I was astonished with the speed of the fire at the Address Downtown. It looked to me as if it was the carpet that was burning, not so much the façade.

But this, the burning of the Torch also this year (BBQ grille on a balcony), and the Tamweel Tower fire in 2012 (cigarette), got me wondering. With the obviously inferior building codes in Dubai, why didn't any of these buildings pancake like the three WTC towers? What can the explanation possibly be for the utter collapse of 7WTC, not to mention the others? This should never happen and buildings are designed so this never happens, at least in the US. And yet Dubai buildings _don't_ collapse, time after time?


----------



## StellarEngine (Dec 29, 2015)

These are concrete structures, with lower burn temps, and lacking the damage of a jet airliner crashing into them.

There is likely structural damage, but not as extreme.

I wouldn't stay in any of them though.


----------



## spidey7312 (Dec 5, 2015)

The building codes were changed but all of these fires are on buildings built when the codes were still "inferior"


----------



## Salseando (Jan 7, 2014)

*WTC*

The WTC incident was an inside job , a detonation of the towers...more information in lots of videos in YouTube


----------



## StellarEngine (Dec 29, 2015)

Salseando said:


> The WTC incident was an inside job , a detonation of the towers...more information in lots of videos in YouTube


Is this the uae tactic, distract from their tower disasters with wtc bullshit?


----------



## spidey7312 (Dec 5, 2015)

Salseando said:


> The WTC incident was an inside job , a detonation of the towers...more information in lots of videos in YouTube


This thread is about Dubai, not NYC


----------



## Quantumstate (Jul 16, 2010)

This thread is about the WTC buildings and Dubai. Let's not get political like mentioning that records for 3,000 SEC investigations were destroyed.

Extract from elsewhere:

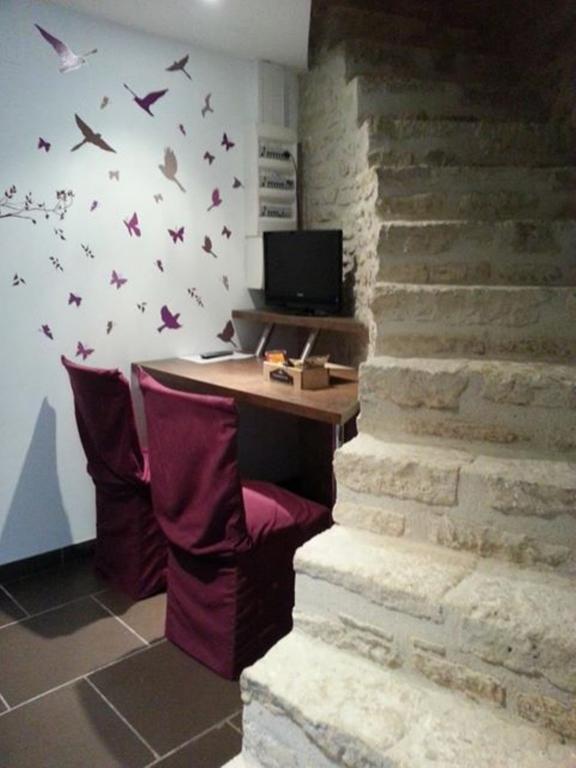 Gite Lorengrain Bruyères-et-Montbérault Zimmer foto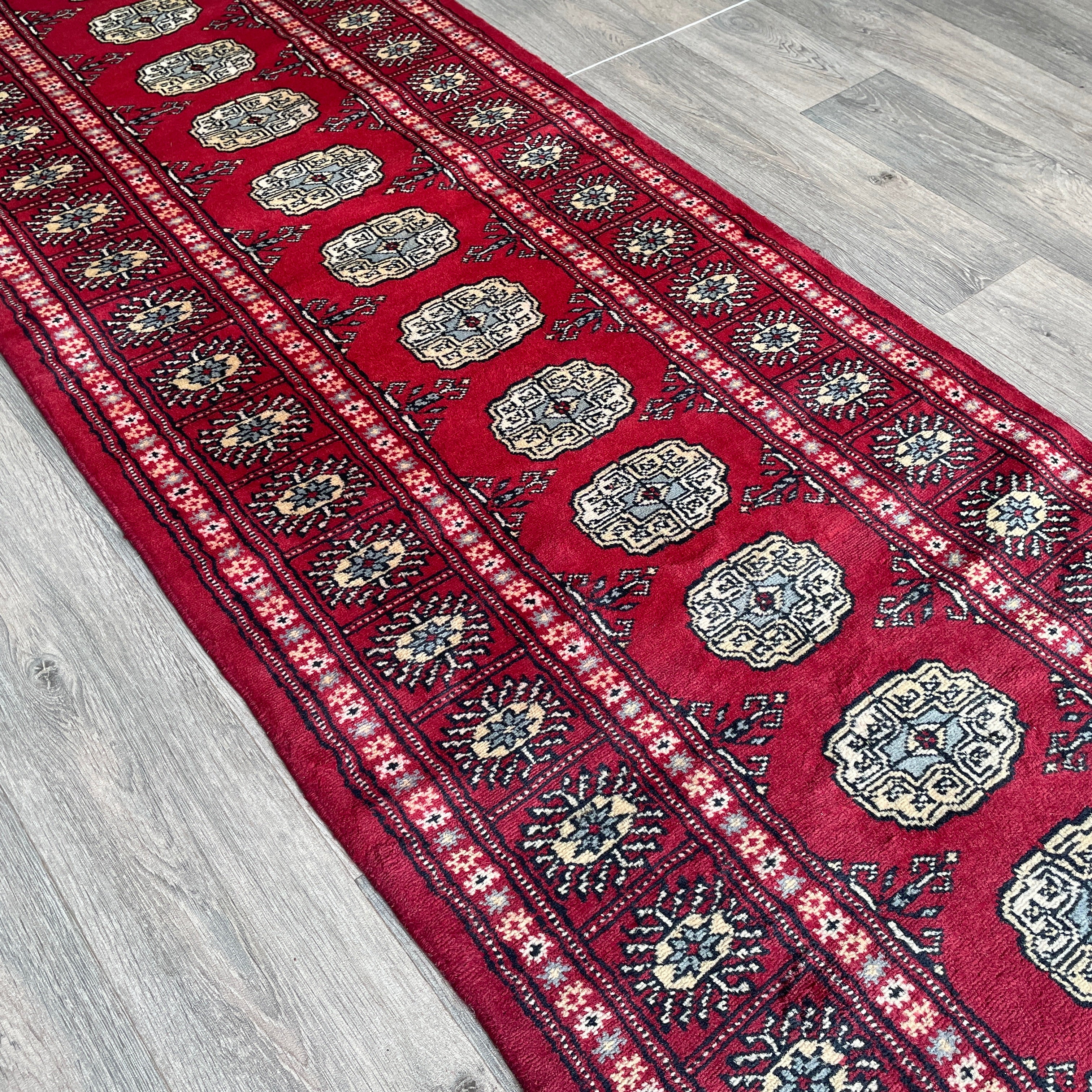 470 x 78 cm | Afghan Bokhara Runner - Khorasan Rugs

I'm hoping we have some technical people here who are able to comment on why the disparity in results, with some solid information. Why were our superior buildings, inferior? Why did 7WTC drop exactly like an implosion? And why did Dubai's, uhm not.


----------



## StellarEngine (Dec 29, 2015)

Quantumstate said:


> This thread is about the WTC buildings and Dubai. Let's not get political like mentioning that records for 3,000 SEC investigations were destroyed.
> 
> I'm hoping we have some technical people here who are able to comment on why the disparity in results, with some solid information. Why were our superior buildings, inferior? Why did 7WTC drop exactly like an implosion? And why did Dubai's, uhm not.


Then change the title.

What is your purpose here?

What is your agenda?


----------



## Quantumstate (Jul 16, 2010)

A. The title is precise.
B. I do not have an 'agenda'.
C. My reason for these questions is not clear to you? I don't know how to ask this any clearer. English is my native language. Maybe you should tell me what you do not understand, if you are qualified to respond to my questions. If there are no technical people here, I will understand.


----------



## StellarEngine (Dec 29, 2015)

You "questions" have been answered.
You don't like the answers. 
You have an agenda.


----------



## DemolitionDave (Mar 22, 2007)

One was a steel building.

One was a reinforced concrete building thats why.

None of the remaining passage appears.